Re: patch proposal

From: David Steele <david(at)pgmasters(dot)net>
To: Venkata B Nagothi <nag1010(at)gmail(dot)com>
Cc: Stephen Frost <sfrost(at)snowman(dot)net>, Michael Paquier <michael(dot)paquier(at)gmail(dot)com>, "pgsql-hackers(at)postgresql(dot)org" <pgsql-hackers(at)postgresql(dot)org>
Subject: Re: patch proposal
Date: 2017-03-22 17:21:20
Message-ID: f87fa0a5-d721-a883-3e00-a5d44db7547b@pgmasters.net
Views: Raw Message | Whole Thread | Download mbox | Resend email
Thread:
Lists: pgsql-hackers

On 3/21/17 8:45 PM, Venkata B Nagothi wrote:
> On Tue, Mar 21, 2017 at 8:46 AM, David Steele <david(at)pgmasters(dot)net
>
> Unfortunately, I don't think the first patch (recoveryStartPoint)
> will work as currently implemented. The problem I see is that the
> new function recoveryStartsHere() depends on pg_control containing a
> checkpoint right at the end of the backup. There's no guarantee
> that this is true, even if pg_control is copied last.

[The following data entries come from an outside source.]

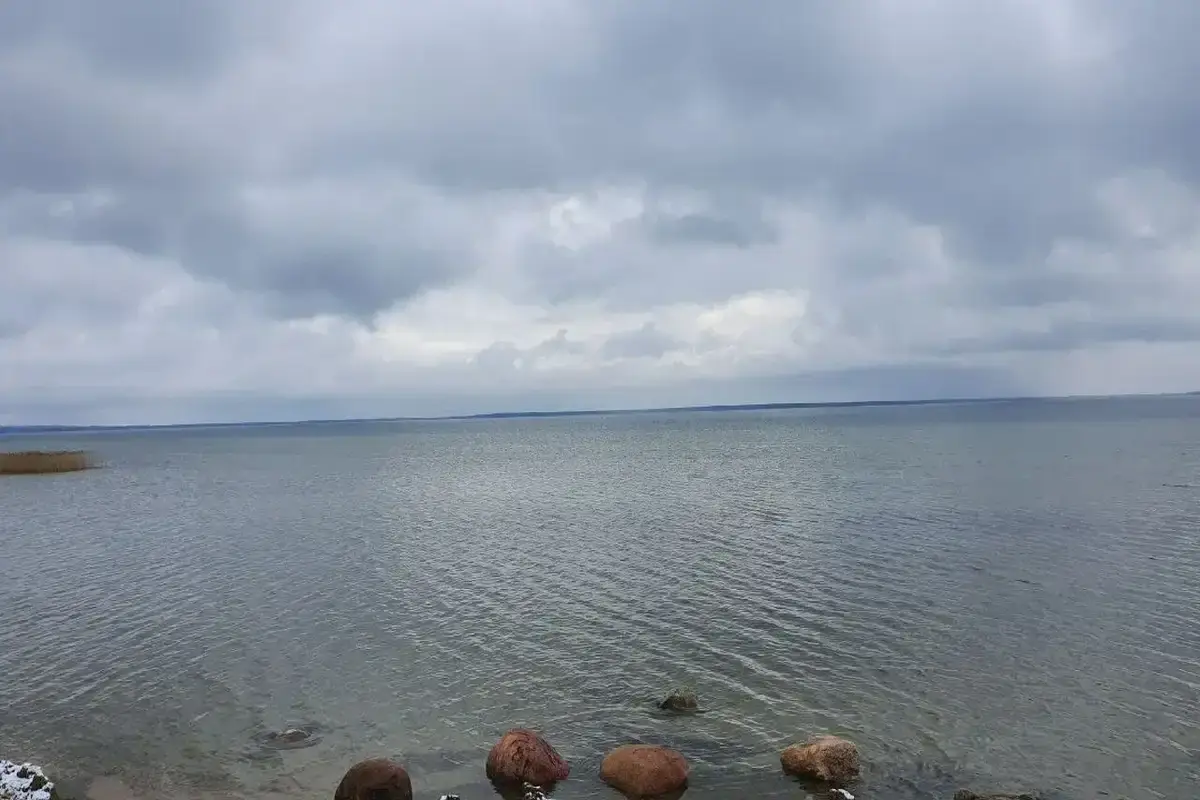 Вода на пляжах Беларуси прошла проверку Вода в водоеме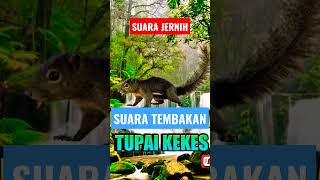 Download lagu suara tupai kekes masteran terbaik #shorts mp3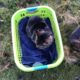 Animals play on a sunny New Year’s Day as Ovenmitt helps with laundry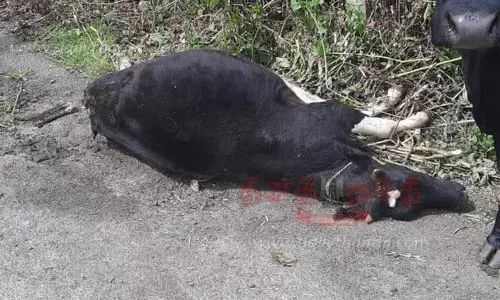 சிறுத்தை தாக்கி கன்றுக்குட்டி சாவு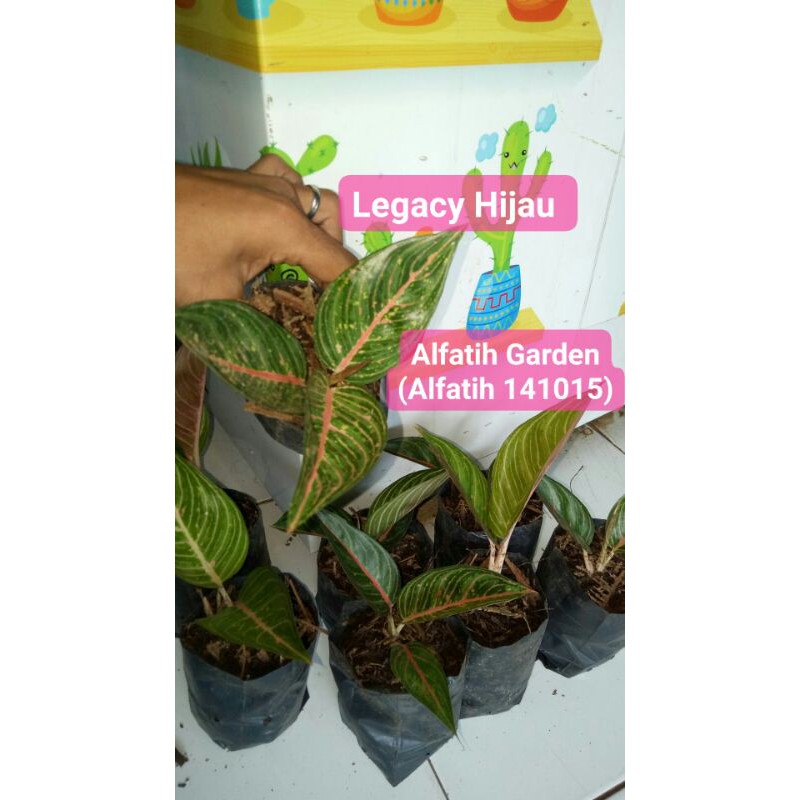 tanaman hias aglonema legacy hijau-Legacy Hijau-LEGACY HIJAU-Aglonema Legacy Hijau/Legacy PROMO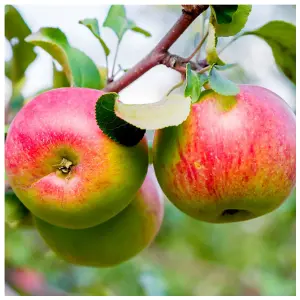 Worcester Pearmain Apple Tree, 5-6ft Tall, Ready to Fruit,Self-fertile & Sweet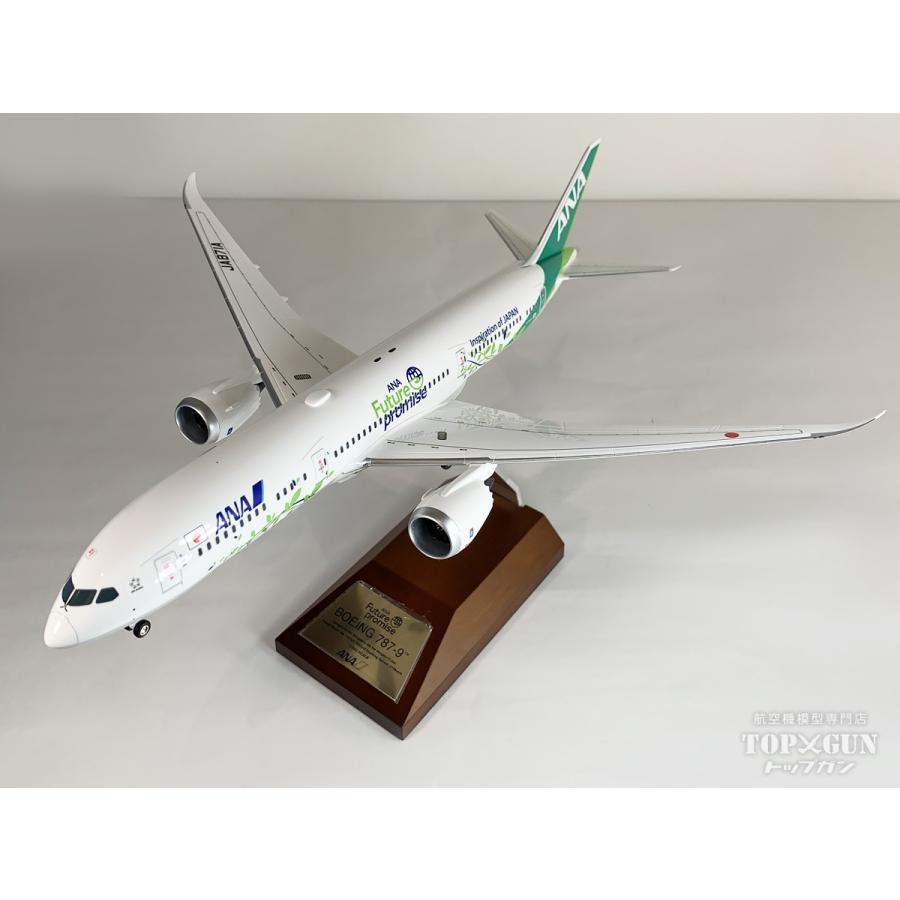 B787-9 ANA 全日空 Future Promise / フューチャー プロミス 特別塗装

That means a
> time, lsn, or xid that occurs somewhere in the middle of the backup
> can be selected without complaint from this code depending on timing.
>
>
> Yes, that is true. The latest best position, checkpoint position, xid
> and timestamp of the restored backup of the backup is shown up in the
> pg_controldata, which means, that is the position from which the
> recovery would start.

Backup recovery starts from the checkpoint in the backup_label, not from
the checkpoint in pg_control. The original checkpoint that started the
backup is generally overwritten in pg_control by the end of the backup.

> Which in-turn means, WALs start getting replayed
> from that position towards --> minimum recovery position (which is the
> end backup, which again means applying WALs generated between start and
> the end backup) all the way through to --> recovery target position.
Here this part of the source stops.